Walter "Buzz" Terhune was a Vietnam veteran who moved to Florida to care for his elderly parents. He loved kids, helping other veterans and participating in civic life in tiny Inglis, a commercial fishing town near Florida's west coast.

Terhune didn't know Otis Ray Bean, but that didn't stop the 68-year-old from coming to Bean's aid when he was shot across the street from where Terhune was getting cash at a bank.

The shooter then turned his weapon on Terhune, then his estranged wife, then himself.

"It was so like him to go to save somebody else," says Lea Terhune, Walter's sister. "Buzz would not run the other way."

Walter Terhune stumbled into what would turn out to be one of two mass killings in the US on 1 October. The first occurred several hours earlier, 3,000 miles away in Roseburg, Oregon, when a 26-year-old man opened fire inside a classroom at Umpqua Community College.

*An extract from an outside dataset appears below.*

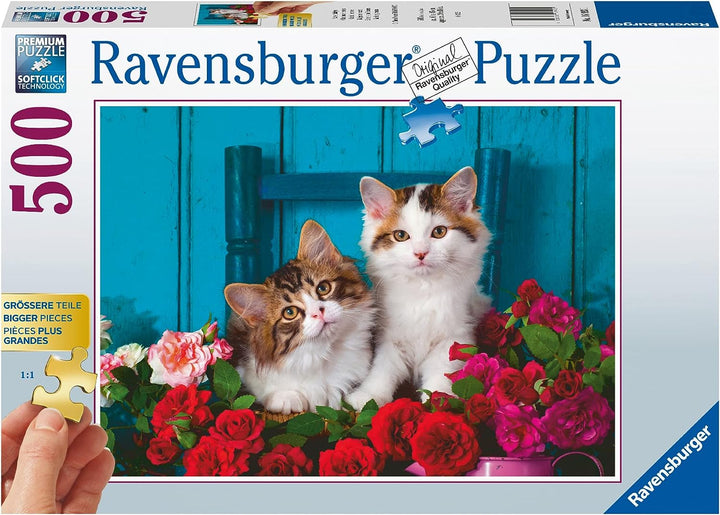 Ravensburger Kittens and Roses 500 Piece Jigsaw Puzzle for Adults & Kids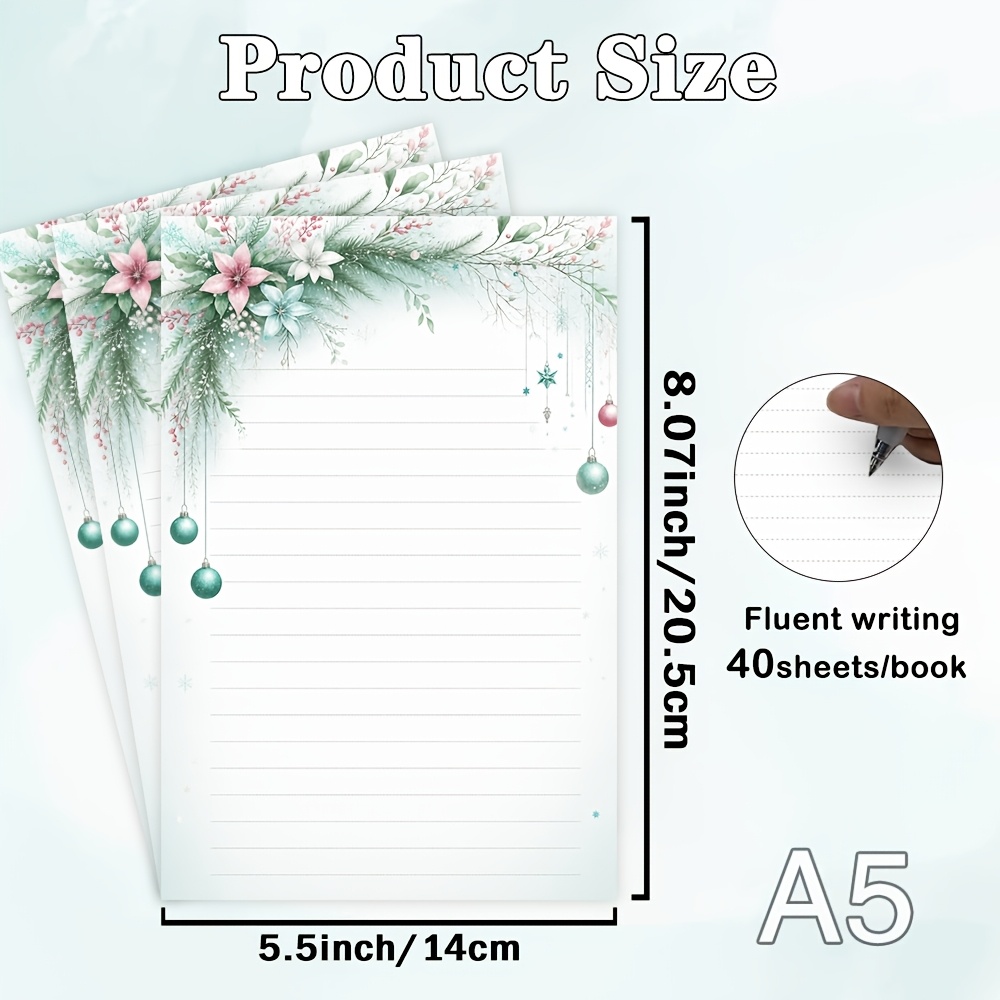 TEMU 40 Sheets Christmas Letter Paper, Floral Garland With Pink And And Ornaments, Elegant Watercolor Design, Wedding Invitations, Lined Stationery,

He wounded dozens and killed at least nine people before he shot himself.

Media caption,

The BBC contrasts President Obama's reactions after mass shootings, with the levels of US gun ownership during his terms in office. (Video by David Botti)

Like many other Americans, Wendy Harvey was following the news from her home in Steamboat Spring, Colorado, when she got a call from a relative saying her uncle Buzzy had also been involved in a shooting. She was at home with her son at the time.

"It's a hard conversation to tell your six-year-old that his favourite uncle just got shot and killed," she says. "Oregon is going on and all of a sudden you hear from Florida that it's your uncle. It can happen to anyone."

Both incidents would be classified as "active shooter" incidents - defined as "an individual actively engaged in killing or attempting to kill people" - and also could both be considered "mass killings", defined by one federal statute as three or more people killed.

But Oregon has overshadowed what happened in Inglis, with no national media attention devoted to the latter. It is in part a matter of timing - Oregon happened first - and a matter of numbers. The Oregon shooting had more than three times as many casualties.

Still, says Harvey, this paints a disturbing portrait of gun violence in the US today.

"It's become such the norm," she says. "That's a sad state of affairs if someone kills three people and it's just not that big of a deal."

Image source, Courtesy Wendy Harvey
Image caption,
Walter Terhune with his nephew Griffin Harvey

According to local news reports in Florida, 57-year-old Walter Tyson went to the unpainted wooden house across from Inglis's city hall to confront his estranged wife Patricia and her new boyfriend, Bean. Tyson was armed. Witnesses said Terhune had tried to stop Tyson by telling him he was shooting close to a park where children were playing.

"He talks to vets a lot that have PTSD and all these things. He feels like he can talk to them and relate to them," says Harvey. "I'm sure in his head he thought he could talk to this person."

According to the FBI, the number of "active shooter" incidents rose in frequency between 2000 and 2013. It reported that there were an average of 16.4 active shooter events each year between 2007 to 2013, compared to an average of 6.4 incidents from 2000 to 2006.

While there is no universally accepted definition of a "mass shooting", using the federal statute that defines it as three or more killed shows that they are also on the rise. (Other measures of incidents of mass violence exclude ones that began as a domestic dispute, or ones where the victims knew one another.)

There have been more "mass shootings" than days of the year so far in 2015.

Including Terhune and the Tysons, three people died in Inglis on Thursday. Bean was taken to a hospital, but according to his sister, Nadene Bean Freeman, he is brain dead and is only on life support so that his organs may be harvested.

She said her brother was recovering from his own personal tragedy - his only son Jared was killed in a car crash as a young boy, then his wife died of cancer.

"He's at peace now," she wrote in a message to the BBC.

While the circumstances might have been different, Terhune's family feels they are going through something similar to the nine families in Roseburg.

"Mass murder is still one family by one family by one family," says his sister Lea. "He came home from war a damaged person...in his death he became the hero that in his heart he always was."